### ACTIVITY
Which lines of the data below include the string "with"? Return each of them.

[Source records]
* * * * * * *

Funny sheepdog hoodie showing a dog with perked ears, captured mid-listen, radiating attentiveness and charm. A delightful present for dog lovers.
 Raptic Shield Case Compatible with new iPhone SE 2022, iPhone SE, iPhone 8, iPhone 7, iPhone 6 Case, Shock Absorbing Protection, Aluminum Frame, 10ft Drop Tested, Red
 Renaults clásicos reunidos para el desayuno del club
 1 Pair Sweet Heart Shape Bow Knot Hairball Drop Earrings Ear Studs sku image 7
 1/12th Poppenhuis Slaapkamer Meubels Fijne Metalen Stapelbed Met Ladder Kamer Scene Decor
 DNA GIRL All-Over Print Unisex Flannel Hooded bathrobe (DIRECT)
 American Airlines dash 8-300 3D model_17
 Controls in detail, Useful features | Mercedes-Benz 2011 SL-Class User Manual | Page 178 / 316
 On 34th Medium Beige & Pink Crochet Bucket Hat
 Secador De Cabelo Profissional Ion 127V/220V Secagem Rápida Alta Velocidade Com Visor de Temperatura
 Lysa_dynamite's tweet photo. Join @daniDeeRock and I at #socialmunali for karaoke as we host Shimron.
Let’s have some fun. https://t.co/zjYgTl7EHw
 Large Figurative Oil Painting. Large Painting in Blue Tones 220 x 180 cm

* * * * * * *

### RESPONSE TO THIS TASK
Funny sheepdog hoodie showing a dog with perked ears, captured mid-listen, radiating attentiveness and charm. A delightful present for dog lovers.
 Raptic Shield Case Compatible with new iPhone SE 2022, iPhone SE, iPhone 8, iPhone 7, iPhone 6 Case, Shock Absorbing Protection, Aluminum Frame, 10ft Drop Tested, Red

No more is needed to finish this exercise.